In 1963 Britain and Israel backed American intervention in Iraq, while other United States allies — chiefly France and Germany — resisted. But without significant opposition within the government, Kennedy, like President Bush today, pressed on. In Cairo, Damascus, Tehran and Baghdad, American agents marshaled opponents of the Iraqi regime. Washington set up a base of operations in Kuwait, intercepting Iraqi communications and radioing orders to rebels. The United States armed Kurdish insurgents. The C.I.A.'s "Health Alteration Committee," as it was tactfully called, sent Kassem a monogrammed, poisoned handkerchief, though the potentially lethal gift either failed to work or never reached its victim.
Then, on Feb. 8, 1963, the conspirators staged a coup in Baghdad. For a time the government held out, but eventually Kassem gave up, and after a swift trial was shot; his body was later shown on Baghdad television. Washington immediately befriended the successor regime. "Almost certainly a gain for our side," Robert Komer, a National Security Council aide, wrote to Kennedy the day of the takeover.
As its instrument the C.I.A. had chosen the authoritarian and anti-Communist Baath Party, in 1963 still a relatively small political faction influential in the Iraqi Army. According to the former Baathist leader Hani Fkaiki, among party members colluding with the C.I.A. in 1962 and 1963 was Saddam Hussein, then a 25-year-old who had fled to Cairo after taking part in a failed assassination of Kassem in 1958.
According to Western scholars, as well as Iraqi refugees and a British human rights organization, the 1963 coup was accompanied by a bloodbath.
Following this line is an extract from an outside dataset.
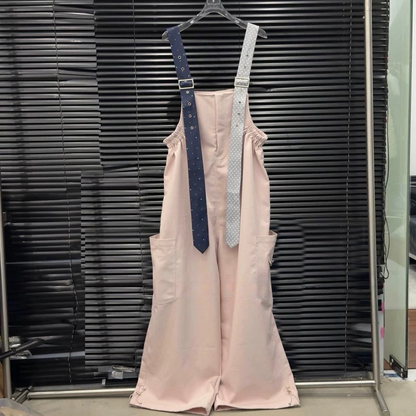 Tie-Decorated Workwear Wide-Leg Overalls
Using lists of suspected Communists and other leftists provided by the C.I.A., the Baathists systematically murdered untold numbers of Iraq's educated elite — killings in which Saddam Hussein himself is said to have participated. No one knows the exact toll, but accounts agree that the victims included hundreds of doctors, teachers, technicians, lawyers and other professionals as well as military and political figures.
The United States also sent arms to the new regime, weapons later used against the same Kurdish insurgents the United States had backed against Kassem and then abandoned. Soon, Western corporations like Mobil, Bechtel and British Petroleum were doing business with Baghdad — for American firms, their first major involvement in Iraq.